* [Work to be completed]: Pictures are to be left out, and only the lines below starting at the one with "Cartier Earrings Mini Love" and ending at the one with "GOOD SMILE ARMS/GSC机甲成品系列" are to be reproduced, each exactly, both ends included.

* [Data]:
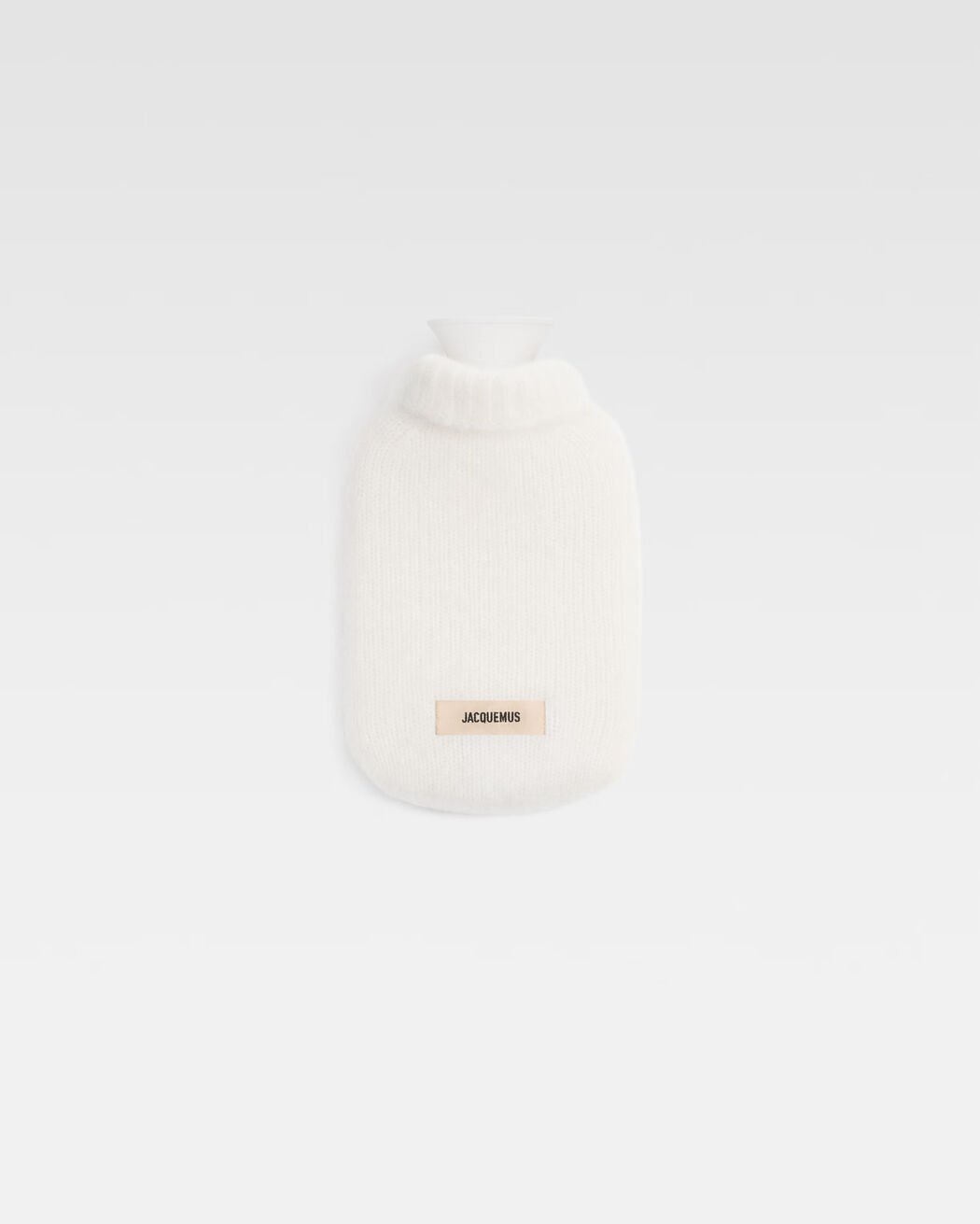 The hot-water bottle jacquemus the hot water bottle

* * *

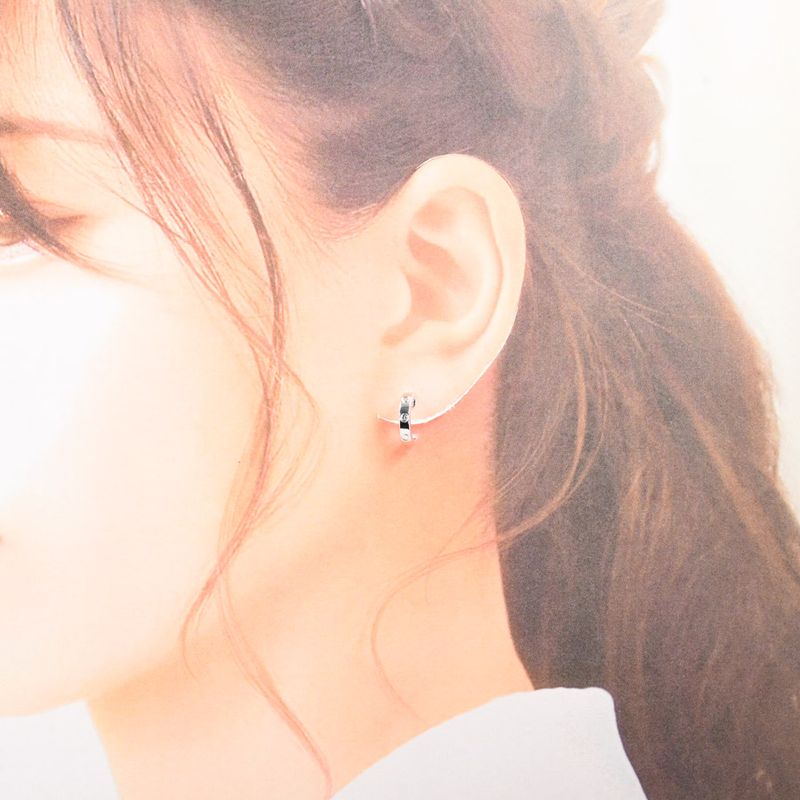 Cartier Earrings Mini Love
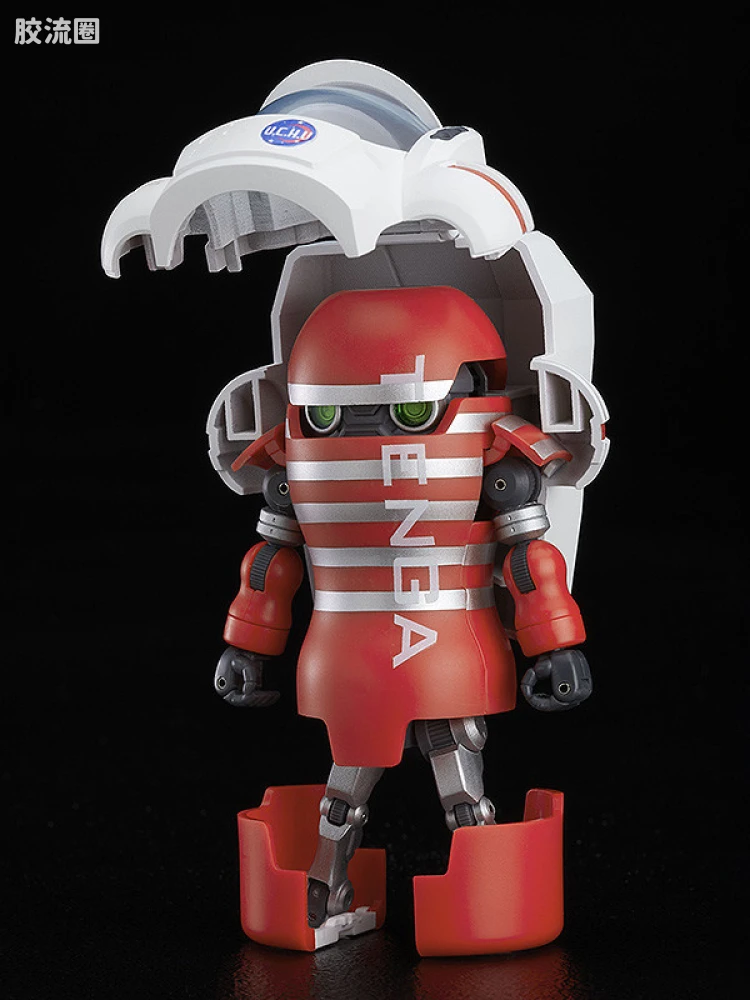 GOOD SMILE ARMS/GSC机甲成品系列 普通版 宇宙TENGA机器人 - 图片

* [Task solution]:
 Cartier Earrings Mini Love
 GOOD SMILE ARMS/GSC机甲成品系列 普通版 宇宙TENGA机器人 - 图片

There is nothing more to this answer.